▸ Your task: What is needed is a faithful copy of all the records.
____ Task inputs
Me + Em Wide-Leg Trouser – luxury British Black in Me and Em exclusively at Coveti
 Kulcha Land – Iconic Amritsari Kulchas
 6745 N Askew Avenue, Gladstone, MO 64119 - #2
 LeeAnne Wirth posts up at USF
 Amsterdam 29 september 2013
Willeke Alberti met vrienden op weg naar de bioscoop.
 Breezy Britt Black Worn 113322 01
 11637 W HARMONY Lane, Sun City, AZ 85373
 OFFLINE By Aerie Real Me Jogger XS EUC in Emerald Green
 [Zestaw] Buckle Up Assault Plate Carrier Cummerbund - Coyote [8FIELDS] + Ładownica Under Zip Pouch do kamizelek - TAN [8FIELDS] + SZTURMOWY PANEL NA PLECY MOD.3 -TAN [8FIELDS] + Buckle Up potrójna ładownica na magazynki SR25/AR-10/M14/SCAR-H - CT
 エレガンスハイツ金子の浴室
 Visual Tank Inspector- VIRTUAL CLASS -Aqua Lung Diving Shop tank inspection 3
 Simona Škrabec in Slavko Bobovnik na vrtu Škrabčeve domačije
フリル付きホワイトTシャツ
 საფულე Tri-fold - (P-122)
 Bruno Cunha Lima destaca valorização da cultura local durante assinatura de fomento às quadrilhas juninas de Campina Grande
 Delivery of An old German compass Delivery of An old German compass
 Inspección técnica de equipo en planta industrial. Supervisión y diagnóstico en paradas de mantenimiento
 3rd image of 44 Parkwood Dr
________
▸ Task solution:
Me + Em Wide-Leg Trouser – luxury British Black in Me and Em exclusively at Coveti
 Kulcha Land – Iconic Amritsari Kulchas
 6745 N Askew Avenue, Gladstone, MO 64119 - #2
 LeeAnne Wirth posts up at USF
 Amsterdam 29 september 2013
Willeke Alberti met vrienden op weg naar de bioscoop.
 Breezy Britt Black Worn 113322 01
 11637 W HARMONY Lane, Sun City, AZ 85373
 OFFLINE By Aerie Real Me Jogger XS EUC in Emerald Green
 [Zestaw] Buckle Up Assault Plate Carrier Cummerbund - Coyote [8FIELDS] + Ładownica Under Zip Pouch do kamizelek - TAN [8FIELDS] + SZTURMOWY PANEL NA PLECY MOD.3 -TAN [8FIELDS] + Buckle Up potrójna ładownica na magazynki SR25/AR-10/M14/SCAR-H - CT
 エレガンスハイツ金子の浴室
 Visual Tank Inspector- VIRTUAL CLASS -Aqua Lung Diving Shop tank inspection 3
 Simona Škrabec in Slavko Bobovnik na vrtu Škrabčeve domačije
フリル付きホワイトTシャツ
 საფულე Tri-fold - (P-122)
 Bruno Cunha Lima destaca valorização da cultura local durante assinatura de fomento às quadrilhas juninas de Campina Grande
 Delivery of An old German compass Delivery of An old German compass
 Inspección técnica de equipo en planta industrial. Supervisión y diagnóstico en paradas de mantenimiento
 3rd image of 44 Parkwood Dr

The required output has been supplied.